AstraZeneca's orphan drug wins FDA approval

The US Food and Drug Administration (FDA) has approved AstraZeneca's orphan drug vandetanib for the treatment of medullary thyroid cancer that cannot be removed by surgery or that has spread to other parts of the body.

Vandetanib is a kinase inhibitor indicated for the treatment of symptomatic or progressive medullary thyroid cancer in patients with non-operable, locally advanced or metastatic disease. The use of vandetanib in patients with indolent, asymptomatic or slowly progressing disease should be carefully considered because of the treatment-related risks.

Howard Hutchinson, chief medical officer at AstraZeneca, said: "Vandetanib is the only medicine to receive FDA approval specifically for use in patients with advanced medullary thyroid cancer and is the first treatment that AstraZeneca has developed and brought to market under orphan drug designation in the US."

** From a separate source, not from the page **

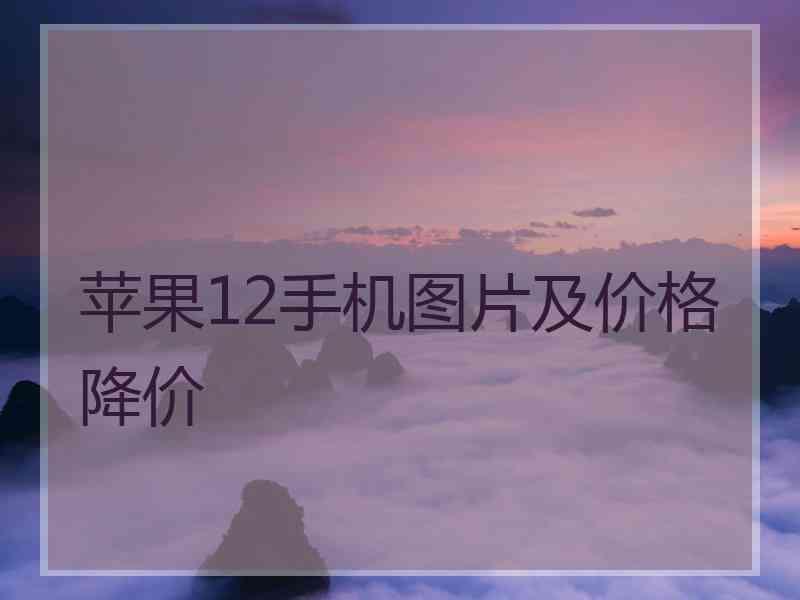 苹果12手机图片及价格降价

The approval of vandetanib is based on the results of the ZETA study, a phase III, double-blind trial that randomised 331 patients with unresectable locally advanced or metastatic medullary thyroid cancer to vandetanib 300 mg or placebo. In the study, patients randomised to vandetanib showed a statistically significant improvement in progression-free survival, compared to those randomised to the placebo.

The most common adverse drug reactions (20 per cent) seen in the ZETA trial with vandetanib were diarrhoea (57 per cent), rash (53 per cent), acne (35 per cent), nausea (33 per cent), hypertension (33 per cent), headache (26 per cent), fatigue (24 per cent), decreased appetite (21 per cent) and abdominal pain (21 per cent).

The FDA's Oncologic Drugs Advisory Committee voted in December 201 that a post-approval clinical trial for vandetanib should be carried out if the drug was approved.

Vandetanib received priority review status from the FDA in September 2010. It is also under regulatory review in the European Union and Canada.